For my first teaching gig, I sat quietly in the twelve o’clock spot as empty chairs around me filled. Students with friends engaged in conversation, while those who kept to themselves eyed the threshold, waiting for the instructor to walk in. The most I got from everyone was a fleeting glance. Nobody conveyed a sign of recognition that I was the man whose thoughts on sentence structure and paragraph coherency could render fun the task of articulating oneself on paper. That was how young I looked. When I shut the door and greeted all a good morning, the boys and girls before me shifted eyes at each other. Every semester for three years produced the same initial reaction.

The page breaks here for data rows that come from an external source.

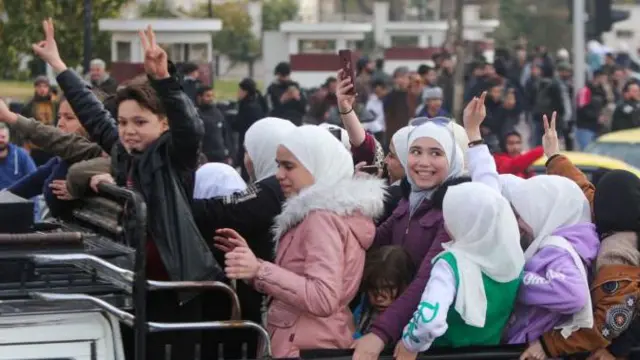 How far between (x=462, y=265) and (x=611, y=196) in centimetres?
76

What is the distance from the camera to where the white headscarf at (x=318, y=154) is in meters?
5.22

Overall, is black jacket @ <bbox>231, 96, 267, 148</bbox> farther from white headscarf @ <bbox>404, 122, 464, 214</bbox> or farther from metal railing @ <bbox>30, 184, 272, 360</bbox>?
metal railing @ <bbox>30, 184, 272, 360</bbox>

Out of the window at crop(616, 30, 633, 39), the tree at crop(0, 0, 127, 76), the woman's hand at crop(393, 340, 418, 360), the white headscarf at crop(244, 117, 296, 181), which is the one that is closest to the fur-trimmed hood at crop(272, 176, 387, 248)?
the woman's hand at crop(393, 340, 418, 360)

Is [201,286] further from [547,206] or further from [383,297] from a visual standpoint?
[547,206]

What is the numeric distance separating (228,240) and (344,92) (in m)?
1.74

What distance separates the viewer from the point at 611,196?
5398 millimetres

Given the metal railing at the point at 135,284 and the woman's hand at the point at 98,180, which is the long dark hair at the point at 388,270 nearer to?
the metal railing at the point at 135,284

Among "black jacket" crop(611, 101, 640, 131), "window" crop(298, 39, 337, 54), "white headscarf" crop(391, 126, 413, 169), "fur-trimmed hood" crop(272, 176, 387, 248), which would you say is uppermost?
"white headscarf" crop(391, 126, 413, 169)

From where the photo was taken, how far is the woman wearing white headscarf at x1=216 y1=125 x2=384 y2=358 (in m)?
4.99

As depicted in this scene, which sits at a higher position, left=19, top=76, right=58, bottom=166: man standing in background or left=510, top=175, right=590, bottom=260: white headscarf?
left=510, top=175, right=590, bottom=260: white headscarf

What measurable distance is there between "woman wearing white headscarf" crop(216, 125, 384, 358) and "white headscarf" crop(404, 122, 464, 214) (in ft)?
0.87

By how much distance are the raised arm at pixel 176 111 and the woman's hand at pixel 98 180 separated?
Result: 1.23 ft

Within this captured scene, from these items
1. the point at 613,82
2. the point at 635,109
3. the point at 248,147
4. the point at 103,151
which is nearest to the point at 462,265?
the point at 248,147

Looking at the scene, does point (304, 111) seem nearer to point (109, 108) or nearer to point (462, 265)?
point (109, 108) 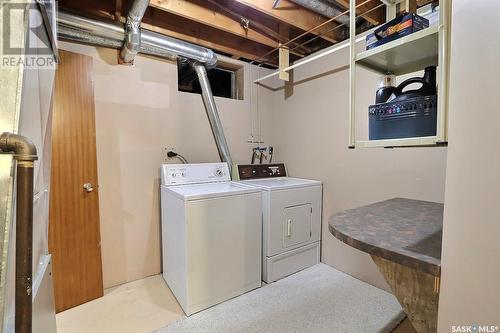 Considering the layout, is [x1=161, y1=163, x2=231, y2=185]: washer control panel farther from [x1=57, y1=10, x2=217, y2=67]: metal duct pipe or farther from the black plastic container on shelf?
the black plastic container on shelf

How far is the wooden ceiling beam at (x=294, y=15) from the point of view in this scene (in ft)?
6.43

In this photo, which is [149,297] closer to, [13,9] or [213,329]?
[213,329]

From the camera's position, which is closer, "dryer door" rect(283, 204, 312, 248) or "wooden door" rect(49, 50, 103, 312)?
"wooden door" rect(49, 50, 103, 312)

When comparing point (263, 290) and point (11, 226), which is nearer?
point (11, 226)

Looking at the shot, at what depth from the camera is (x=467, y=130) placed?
2.00 feet

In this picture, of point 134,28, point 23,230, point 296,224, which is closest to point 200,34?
point 134,28

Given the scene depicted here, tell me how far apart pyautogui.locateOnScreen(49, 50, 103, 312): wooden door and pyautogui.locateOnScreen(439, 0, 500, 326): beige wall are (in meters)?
2.34

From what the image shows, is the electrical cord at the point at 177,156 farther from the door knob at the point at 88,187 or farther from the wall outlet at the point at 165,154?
the door knob at the point at 88,187

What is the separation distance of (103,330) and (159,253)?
0.87 metres

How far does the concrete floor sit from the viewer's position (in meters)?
1.74

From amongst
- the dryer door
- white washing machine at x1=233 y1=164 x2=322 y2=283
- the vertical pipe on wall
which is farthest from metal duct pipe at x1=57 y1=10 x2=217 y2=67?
the dryer door

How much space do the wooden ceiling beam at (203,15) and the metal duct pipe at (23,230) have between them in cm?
191

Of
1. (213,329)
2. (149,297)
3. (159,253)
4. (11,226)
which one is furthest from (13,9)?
(159,253)

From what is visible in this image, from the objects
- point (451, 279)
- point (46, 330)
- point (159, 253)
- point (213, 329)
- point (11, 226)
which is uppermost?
point (11, 226)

The first thing I always told my students was that I was primarily a monitor, a figure present to keep discussion flowing. The most valuable opinions would come from them, I stressed, and this helped to thaw the ice. What ultimately got them engaged were the in-class writing exercises. “Don’t think of this as work,” I advised. “Think of this as e-mails to a friend or a journal entry.” In one exercise students exchanged a photograph with the person seated beside them, and from the photograph now in their own hands, they developed a story. In another they provided five random words, which they then used to pen a paragraph or a poem. My favorite exercise was their speculations as to where they would be at the age of 30. This proved to be an illuminating study on gender roles. The girls prioritized family. The boys prioritized career. The girls were neutral as to the sex of their first child. The boys favored a son with whom to play ball. And they all envisioned themselves with graying hair and arthritis.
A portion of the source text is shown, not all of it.